Basic 3D Scatter Plot Setup
First, let's create a simple 3D scatter plot with our sample data ?
import plotly.express as px
import pandas as pd
# Create sample data
data = {
'gadget': ['mobile', 'tablet', 'ipad', 'laptop'],
'rating': [3, 4, 2, 1],
'price': [20000, 50000, 30000, 90000],
'category': ['phone', 'tablet', 'tablet', 'computer']
}
df = pd.DataFrame(data)
print(df)
gadget rating price category 0 mobile 3 20000 phone 1 tablet 4 50000 tablet 2 ipad 2 30000 tablet 3 laptop 1 90000 computer
Creating 3D Scatter Plot with Legend
Use the color parameter to create a legend based on categorical data ?

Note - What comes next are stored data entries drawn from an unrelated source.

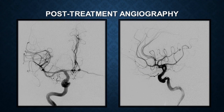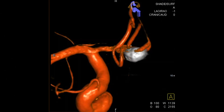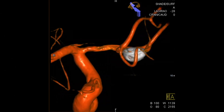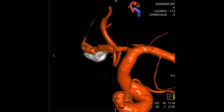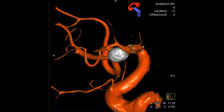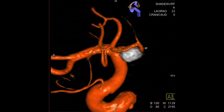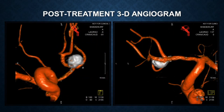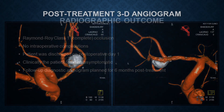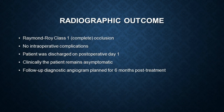The post-coiling angiogram shows complete obliteration of the aneurysm, confirmed by 3D angiography. The patient did well post-operatively and is pending a delayed angiogram at 6 months. Her clinical course has been benign, as she has followed in clinic.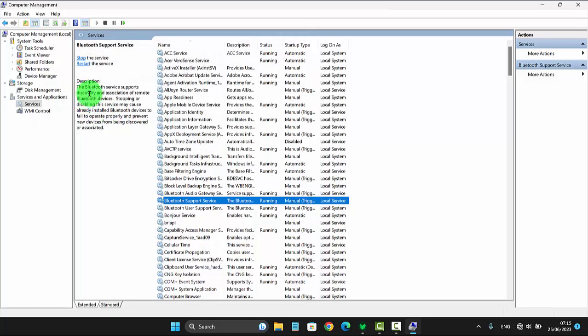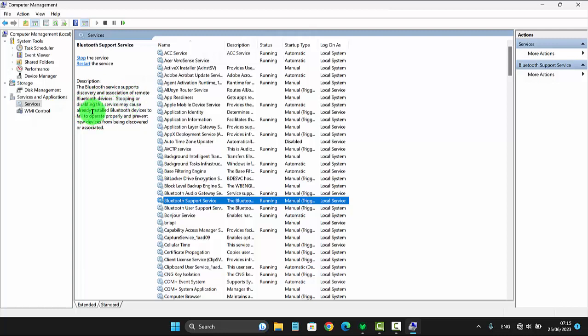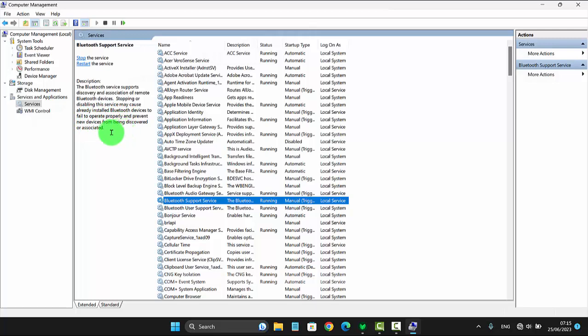The Bluetooth support service handles discovery and association of remote Bluetooth devices. Stopping or disabling this service may cause already installed Bluetooth devices to fail to operate properly and prevent new devices from being discovered or associated.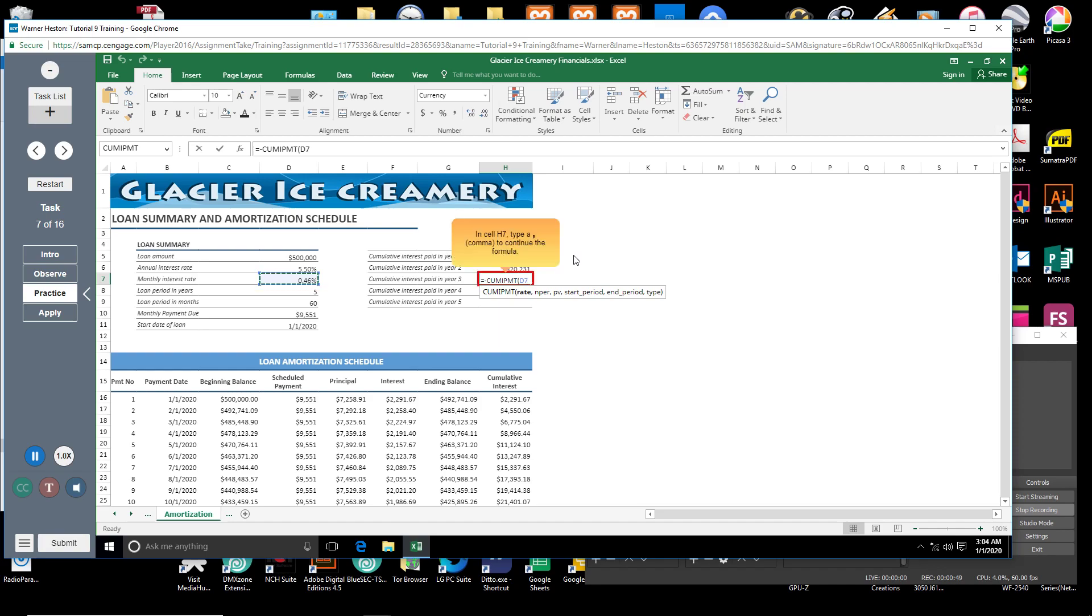In cell H7, type a comma to continue. You will now enter the loan period, NPER argument, in months.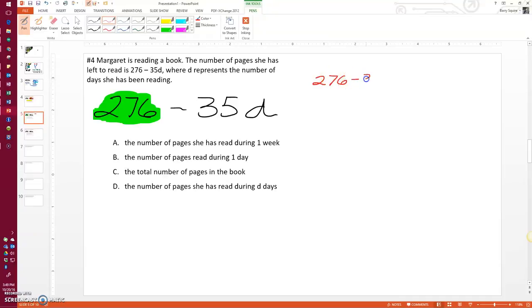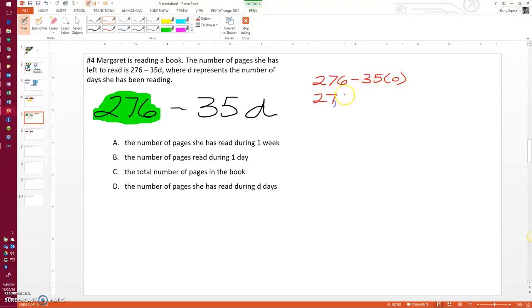276 minus 35 times 0. Well, 35 times 0 is 0, so she only has 276 pages left to read, and she hasn't even started reading yet.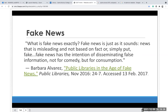On to fake news. What is fake news exactly? Fake news is news that is misleading and not based on fact. Fake news has the intention of disseminating false information — not for comedy, but for consumption. This is according to Barbara Alvarez in 'Public Libraries in the Age of Fake News.'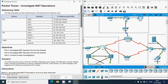That's all in this video: Investigate NAT Operations. In the next video we will see how to configure static NAT. If you have any doubts or suggestions regarding this Packet Tracer activity, please comment below or contact our team via the website link in the description. If you liked the video, give it a thumbs up and share it with your friends. Stay tuned — we will meet again in the next video. Thank you.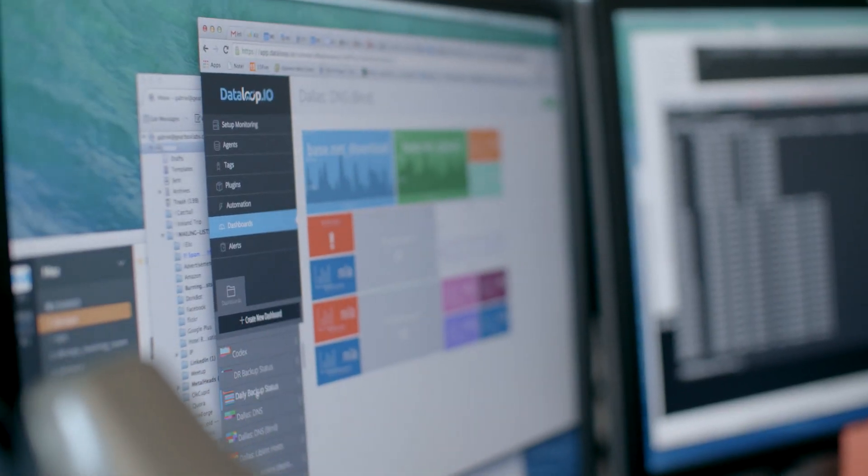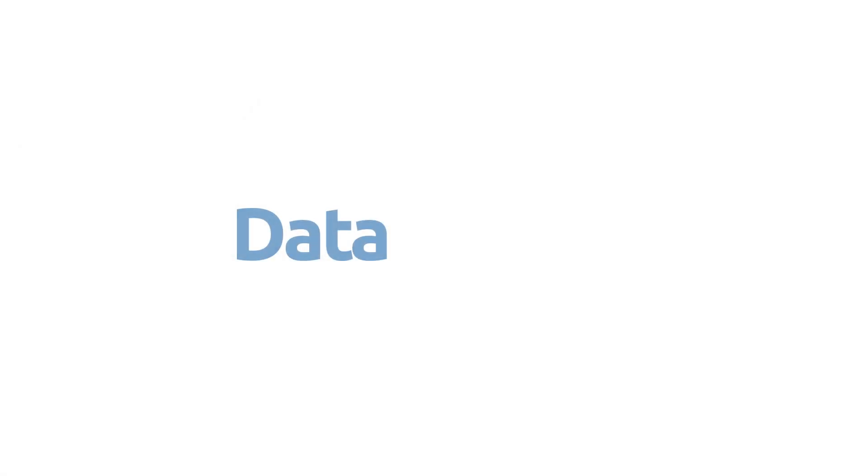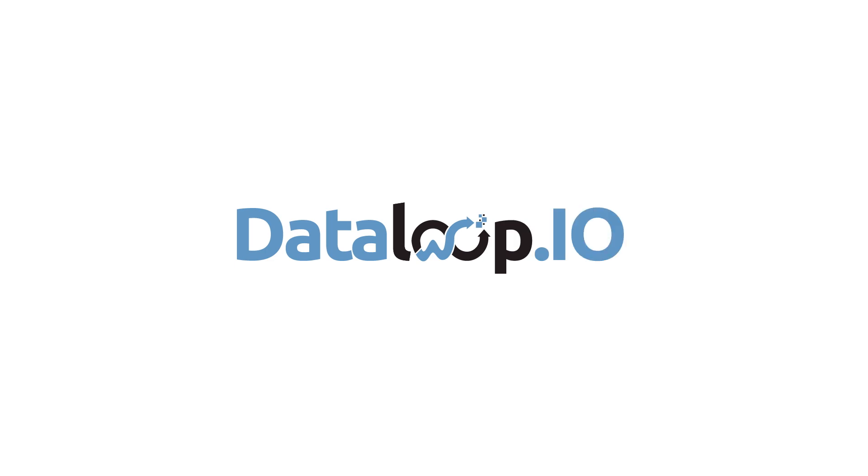I would recommend DataLoop to other companies simply for the ease of use, how cool the dashboards are, and what a great team they have. They've been very helpful — and getting us started isn't even the right word; they've helped us put this in place and we've been running with it to get it rolled across our infrastructure as quickly as possible. My goal is to get this implemented for a hundred percent of all of our applications.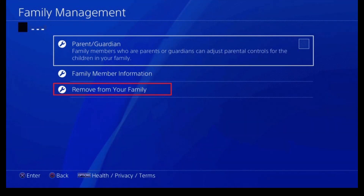You'll find the option called 'Remove from Family' at the bottom. All you have to do is click 'Remove from Family' in order to delete that specific family member. And that's all it takes to delete a family member from PlayStation.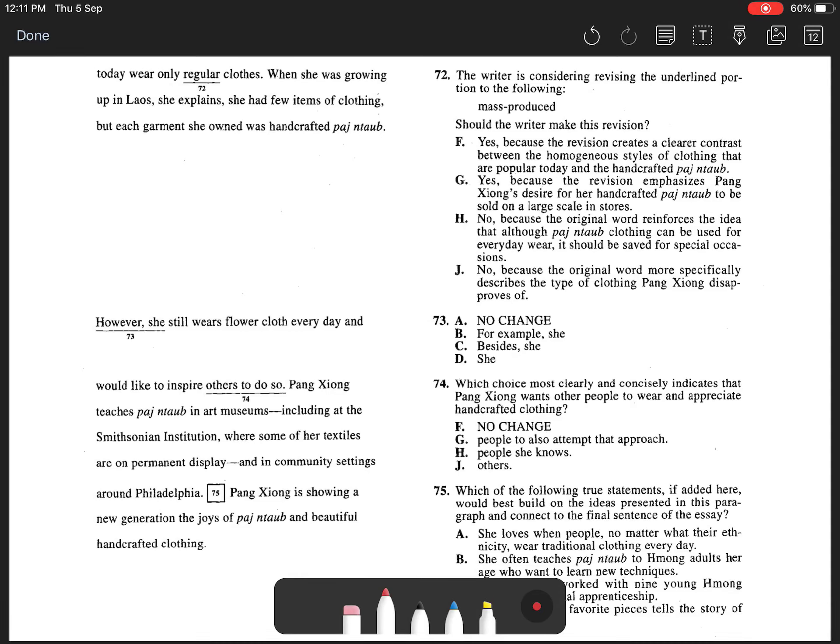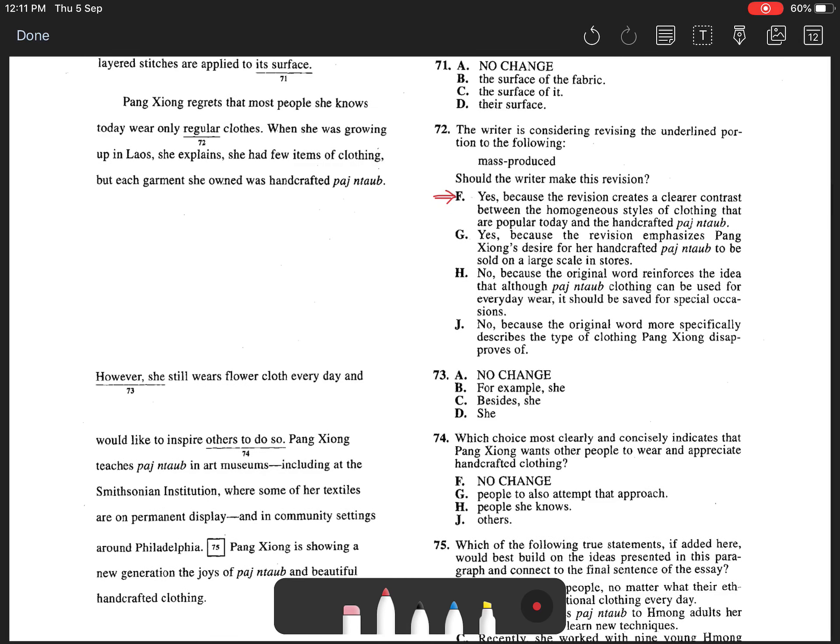Question 72. The best answer is F because a revision must be made.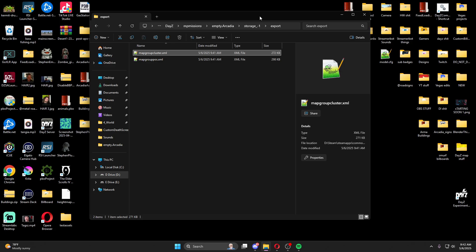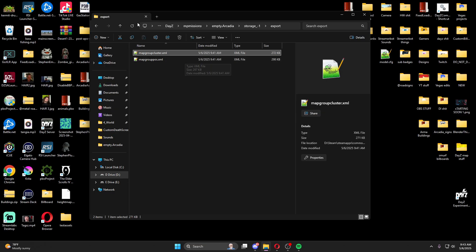If you're building your map through the editor, you could export a map group pos every time you finish an area, but that can get confusing. I'd recommend doing it this way anyway, because if you move a building in Terrain Builder after exporting, all your loot spots will be off and you'll have to generate a new map group pos anyway. So you might as well just do it this way — it's easy.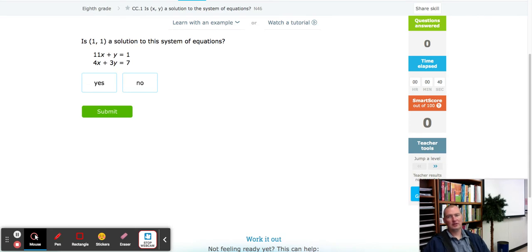Hello, this is Mr. Banner with another fabulous iExcel tutorial. Today we're working on iExcel CC1: is (x, y) a solution to the system of equations?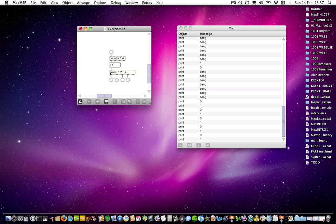Then you have the select object. Again, we have 'select' followed by a space and then various arguments separated by spaces. In select's case you can use various different numbers of arguments — you could have up to 30 or 32. In this case there are four arguments: one, two, three, and four. Out of each outlet, those refer to the arguments that are listed. There is always a final outlet which doesn't refer to any of the numbers — that's to output anything that select doesn't recognize.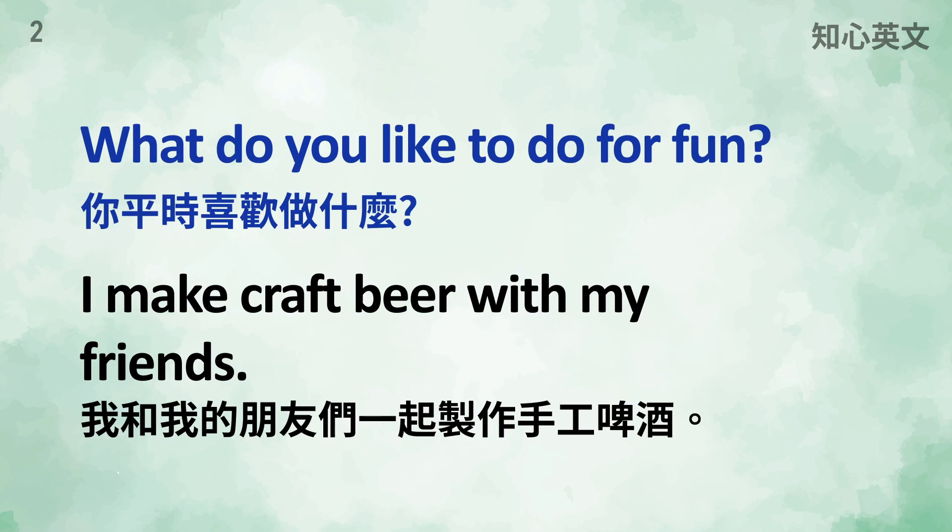What do you like to do for fun? I make craft beer with my friends.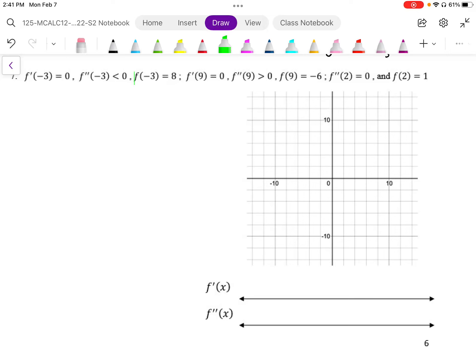In this example, we've been given some coordinates. So f of negative 3 equals 8, f of 9 equals negative 6, and f of 2 equals 1. I'm going to draw those coordinates in: negative 3, positive 8; positive 9, negative 6; and 2 and 1 — we're going to have a point there. So that's our starting point.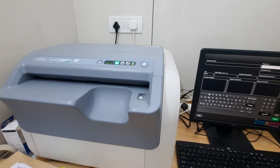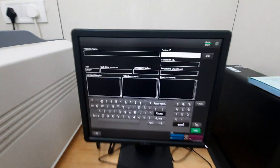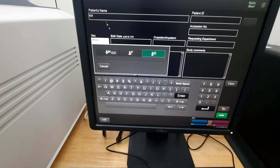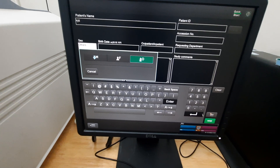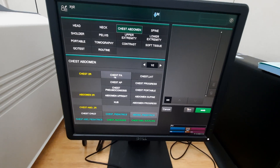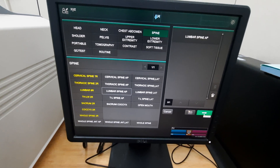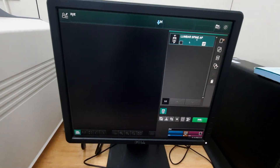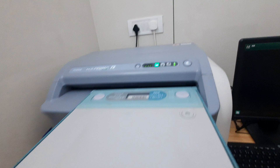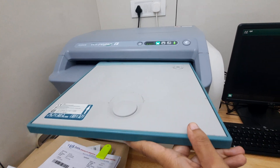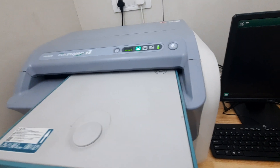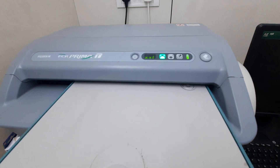This is the CR cassette reader and this is the computer screen. First, we enter the patient's name, select the gender, enter the age, and select the body part — for example, chest or spine. Once the body part is selected, we insert the cassette. Once the cassette is inserted, the image captured inside it will be read by the computer system.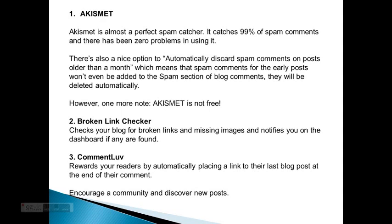Broken Link Checker: checks your blog for broken links and missing images and notifies you on the dashboard if any are found. Comment Love: rewards your readers by automatically placing a link to their last blog post at the end of their comment, encouraging your community and helping discover new posts.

import plotly.express as px
import pandas as pd
data = {
'gadget': ['mobile', 'tablet', 'ipad', 'laptop'],
'rating': [3, 4, 2, 1],
'price': [20000, 50000, 30000, 90000],
'category': ['phone', 'tablet', 'tablet', 'computer']
}
df = pd.DataFrame(data)
# Create 3D scatter plot with legend
fig = px.scatter_3d(
df,
x='rating',
y='price',
z='gadget',
color='category', # Creates legend
title="3D Scatter Plot with Legend"
)
fig.show()
Customizing Axis Labels
Use the labels parameter to customize axis titles ?
import plotly.express as px
import pandas as pd
data = {
'gadget': ['mobile', 'tablet', 'ipad', 'laptop'],
'rating': [3, 4, 2, 1],
'price': [20000, 50000, 30000, 90000],
'category': ['phone', 'tablet', 'tablet', 'computer']
}
df = pd.DataFrame(data)
fig = px.scatter_3d(
df,
x='rating',
y='price',
z='gadget',
color='category',
title="Gadget Analysis: Rating vs Price",
labels={
'rating': 'User Rating (1-5)',
'price': 'Price (INR)',
'gadget': 'Gadget Type',
'category': 'Device Category'
}
)
fig.show()
Advanced Customization
Combine legend positioning, axis labels, and layout styling for professional visualization ?
import plotly.express as px
import pandas as pd
data = {
'gadget': ['mobile', 'tablet', 'ipad', 'laptop', 'smartwatch'],
'rating': [3, 4, 2, 1, 5],
'price': [20000, 50000, 30000, 90000, 15000],
'category': ['phone', 'tablet', 'tablet', 'computer', 'wearable']
}
df = pd.DataFrame(data)
fig = px.scatter_3d(
df,
x='rating',
y='price',
z='gadget',
color='category',
size=[10, 15, 12, 20, 8], # Point sizes
title="Complete 3D Scatter Plot Analysis",
labels={
'rating': 'User Rating (?)',
'price': 'Price (?)',
'gadget': 'Product Name',
'category': 'Product Category'
}
)
# Customize layout and legend
fig.update_layout(
font_family="Arial",
font_color="black",
title_font_family="Times New Roman",
title_font_color="darkblue",
title_font_size=18,
legend=dict(
orientation="v",
yanchor="top",
y=1,
xanchor="left",
x=1.01
),
scene=dict(
xaxis_title="User Rating (?)",
yaxis_title="Price (?)",
zaxis_title="Product Name"
)
)
fig.show()
Key Parameters Summary
| Parameter | Purpose | Example |
|---|---|---|
color |
Creates legend | color='category' |
labels |
Custom axis titles | labels={'x': 'Custom X'} |
scene |
3D axis formatting | scene=dict(xaxis_title='X') |
legend |
Legend positioning | legend=dict(x=1.01) |
Conclusion
Use the color parameter to generate legends and labels dictionary for custom axis titles. The update_layout() method provides fine-grained control over legend positioning and 3D scene formatting for professional visualizations.